God! Finally! Over in the still-ruined Not!warts, Michelle Stafford smears into the middle of the debris-filled library, where she's greeted by a black-clad Latino demon who's sporting a rather disturbingly feathered yet greasy poof on the top of his head. "Well?" the greasily poofy henchdemon inquires. "I'm beginning to gain the boy's trust," Michelle Stafford allows, before noticing the disarray that surrounds her. "What's taking you so long?" she spits. "You were supposed to have this cleaned days ago!" Some lesser henchdemon begins to protest that reconstructing Not!warts is more difficult than they were led to believe, but before he gets halfway through his sentence, Michelle Stafford shoots across the room to push him into the air by his throat. "I don't want to hear any more excuses, do you understand me?" she howls before flinging the mouthy lesser henchdemon backwards through the air into a stringy vanquish. What? That's what happened: He dissolved into a rapidly deteriorating fringe of stringy demonic bits that presently vanished into the floor. Hey, don't look at me. I'm not the one who comes up with these shitty effects.
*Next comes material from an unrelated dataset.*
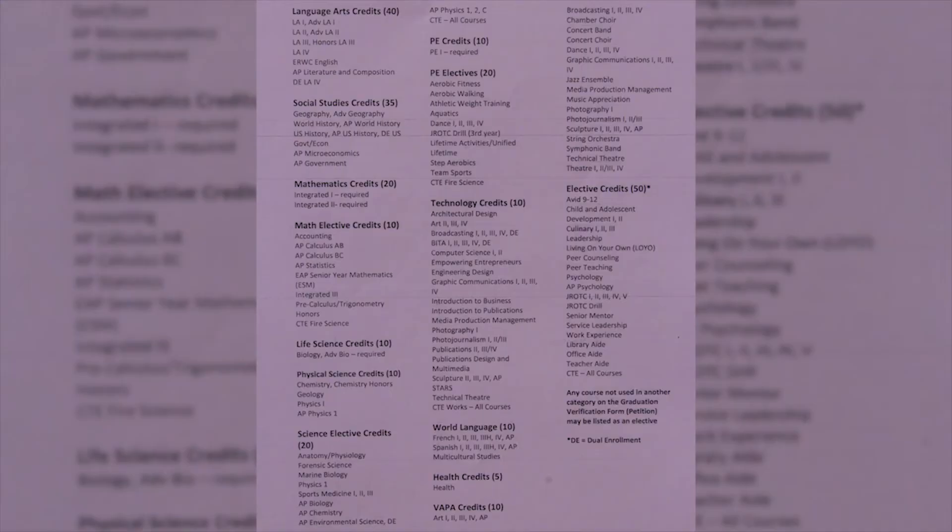Next, you will need to choose your alternate classes. Why are these important? In case your first choice electives are not available or do not work in your schedule. Pick wisely because you will most likely end up with at least one of them in your schedule. If you don't provide any alternates and one is needed, your counselor will place you in any class that's available. You do not want that to happen.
In any event, once the mouthy henchdemon's echoing screams have dissipated, Michelle Stafford -- standing in the foreground of the shot in horrendously rendered green-screen, by the way -- once more smoothes her hair and smiles, "We need to create a comfortable place for the boy -- a familiar place, or else he'll never do what I want him to do." Michelle Stafford's tense minions gaze at her warily as she twitches her head around a couple of times before her eyes roll back in their sockets and she drops out of the frame to the floor, leaving behind the dark demonic force who's apparently been possessing her body all this time. Allow me a moment, if you will, to praise the work of the makeup department here. They've uglified Elizabeth Greer, the actress portraying the demonette, to the point that several long seconds had passed before I realized she wasn't a man. In fact, in this initial shot, she sort of looks like Wentworth Miller, of all people. Without the elaborate tattoo, of course. Well, I'm assuming, because she's thoroughly covered up in a black-on-black-on-black turtleneck/dress pants/calf-length coat combo here. In any event, fiendish Elizabeth Greer shoots a withering, contemptuous sneer at Michelle Stafford's unconscious form before turning her beetle-black gaze on her greasily poofy primary henchdemon. "Don't let that thing die," she growls through a set of discolored dentures, referring of course to Michelle Stafford. "Not 'til after I'm done using it to get [the Psycho]." Fiendish Elizabeth Greer's pasty, corpse-like visage hangs on the screen for a moment before disappearing into the first commercial break. ["I thought that effect was a little bit cool. This is what we call 'grasping at straws,' boys and girls." -- Sars]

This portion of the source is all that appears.